The funky map application on Apple's iOS 6 will not be rescued by Google anytime soon, the internet giant's executive chairman Eric Schmidt said on Tuesday in Tokyo.

Mr Schmidt made his comments amidst growing complains from new iPhone 5 users that the iOS Maps deployed with the mobile phone has been a letdown so far. Apple Insider reported yesterday that Apple fans are sorely missing the Goggle Maps features that were part of the iPhone handsets since the first version hit the global market.

"Perhaps most troubling was the lack of features users had become accustomed to with Google Maps, such as Street View, highly-detailed map data and public transit routes," the tech blog site said on its Tuesday report.

And iPhone owners, it appears, will have to bear the geographical errors that the iOS Maps were fraught with at the moment as Mr Schmidt told Reuters: "We have not done anything yet."

The ball, he added, is actually on Apple's hands as he clarified that Google Maps is readily available once the Apple App Store re-opens its door to the popular application.

The Google chair said his firm will not force Apple to change its decision to drop Google Maps from its ecosystem, a move that analysts said was mostly influenced by the rise of Android, presently the world's largest smartphone platform.

"We think it would have been better if they had kept ours ... but it's their call," Mr Schmidt said in news briefing in Tokyo that Google has arranged to promote the Google Nexus tablet in Japan, The Wall Street Journal reported.

The former Google CEO also addressed speculations that Apple would eventually nix all its partnership with his firm, which means YouTube and Google Search will be gradually eased out from the Apple universe.

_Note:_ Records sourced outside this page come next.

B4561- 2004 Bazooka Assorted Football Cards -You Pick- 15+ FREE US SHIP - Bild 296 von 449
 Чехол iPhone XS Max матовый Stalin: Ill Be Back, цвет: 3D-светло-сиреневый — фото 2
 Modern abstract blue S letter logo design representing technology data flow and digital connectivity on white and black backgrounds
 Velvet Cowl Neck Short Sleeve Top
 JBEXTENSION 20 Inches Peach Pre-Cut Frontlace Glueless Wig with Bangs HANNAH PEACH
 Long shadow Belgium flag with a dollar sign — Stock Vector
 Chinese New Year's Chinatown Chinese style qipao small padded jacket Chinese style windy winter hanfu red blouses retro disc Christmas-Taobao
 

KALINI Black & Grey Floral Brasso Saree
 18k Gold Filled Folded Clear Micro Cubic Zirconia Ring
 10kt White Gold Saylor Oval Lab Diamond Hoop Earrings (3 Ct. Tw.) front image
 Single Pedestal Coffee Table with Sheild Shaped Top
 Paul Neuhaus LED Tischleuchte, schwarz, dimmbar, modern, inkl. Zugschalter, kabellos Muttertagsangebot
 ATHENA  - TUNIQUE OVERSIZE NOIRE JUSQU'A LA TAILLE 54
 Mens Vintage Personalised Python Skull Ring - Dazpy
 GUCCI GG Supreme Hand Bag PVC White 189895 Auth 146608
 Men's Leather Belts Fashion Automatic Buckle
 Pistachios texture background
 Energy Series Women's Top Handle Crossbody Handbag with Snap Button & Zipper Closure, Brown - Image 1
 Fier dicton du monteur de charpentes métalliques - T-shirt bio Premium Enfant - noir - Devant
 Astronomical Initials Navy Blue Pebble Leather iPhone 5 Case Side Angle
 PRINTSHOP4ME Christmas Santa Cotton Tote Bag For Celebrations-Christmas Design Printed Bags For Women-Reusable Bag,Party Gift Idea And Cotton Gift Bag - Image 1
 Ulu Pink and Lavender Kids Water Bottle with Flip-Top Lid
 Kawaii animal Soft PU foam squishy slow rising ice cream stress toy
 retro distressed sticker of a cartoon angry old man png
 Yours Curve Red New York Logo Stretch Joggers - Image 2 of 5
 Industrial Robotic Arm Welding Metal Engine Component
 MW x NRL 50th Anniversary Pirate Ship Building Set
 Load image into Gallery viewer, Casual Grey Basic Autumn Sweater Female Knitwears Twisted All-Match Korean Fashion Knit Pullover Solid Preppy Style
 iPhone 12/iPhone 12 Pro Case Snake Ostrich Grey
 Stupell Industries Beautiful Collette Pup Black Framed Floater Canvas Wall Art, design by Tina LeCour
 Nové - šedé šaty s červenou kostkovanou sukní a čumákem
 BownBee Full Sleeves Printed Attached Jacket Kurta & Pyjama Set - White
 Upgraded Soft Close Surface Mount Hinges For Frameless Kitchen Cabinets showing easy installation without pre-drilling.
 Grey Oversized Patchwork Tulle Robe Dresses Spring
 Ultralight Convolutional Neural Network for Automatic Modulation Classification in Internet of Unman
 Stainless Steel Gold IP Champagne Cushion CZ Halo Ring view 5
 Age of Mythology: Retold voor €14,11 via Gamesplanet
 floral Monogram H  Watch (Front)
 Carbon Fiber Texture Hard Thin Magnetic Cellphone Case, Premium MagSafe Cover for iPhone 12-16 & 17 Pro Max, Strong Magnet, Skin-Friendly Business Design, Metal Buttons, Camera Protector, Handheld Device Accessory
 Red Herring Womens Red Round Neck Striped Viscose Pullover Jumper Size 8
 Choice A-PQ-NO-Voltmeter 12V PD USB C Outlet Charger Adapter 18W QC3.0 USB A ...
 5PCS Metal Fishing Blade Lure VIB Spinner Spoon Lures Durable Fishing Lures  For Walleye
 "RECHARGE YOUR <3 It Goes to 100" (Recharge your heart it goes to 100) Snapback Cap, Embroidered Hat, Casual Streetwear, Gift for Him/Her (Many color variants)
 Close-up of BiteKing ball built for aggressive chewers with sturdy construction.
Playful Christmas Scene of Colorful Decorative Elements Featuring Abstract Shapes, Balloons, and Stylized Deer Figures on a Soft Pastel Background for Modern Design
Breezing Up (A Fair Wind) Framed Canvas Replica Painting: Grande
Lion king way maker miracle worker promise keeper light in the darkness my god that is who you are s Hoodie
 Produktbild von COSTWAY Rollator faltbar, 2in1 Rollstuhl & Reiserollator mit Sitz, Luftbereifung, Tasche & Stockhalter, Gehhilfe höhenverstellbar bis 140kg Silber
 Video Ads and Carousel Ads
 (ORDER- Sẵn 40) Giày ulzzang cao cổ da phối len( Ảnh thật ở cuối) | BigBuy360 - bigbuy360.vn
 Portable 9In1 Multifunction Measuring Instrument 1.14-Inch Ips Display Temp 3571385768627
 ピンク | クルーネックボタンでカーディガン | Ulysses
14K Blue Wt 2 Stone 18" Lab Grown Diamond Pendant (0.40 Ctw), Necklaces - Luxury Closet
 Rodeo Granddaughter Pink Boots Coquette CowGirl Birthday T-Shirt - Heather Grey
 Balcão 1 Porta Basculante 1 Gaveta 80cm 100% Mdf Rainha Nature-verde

"I'm not going to speculate at all what they're going to do. They can answer that question as they see fit," Mr Schmidt told reporters in Tokyo yesterday.

But he insisted that is Apple is amenable, Google would want to continue its collaboration with the tech giant.

Google, he added, is focused on further increasing the number of mobile global users that are attuned with the company's services as attested, Mr Schmidt noted, by the fact that "our market share is so much higher," despite the media hype on the record sales achieved by almost every Apple product.

The wide media coverage generated by Apple product launches, Mr Schmidt conceded, is "great for Apple but the numbers are on our side."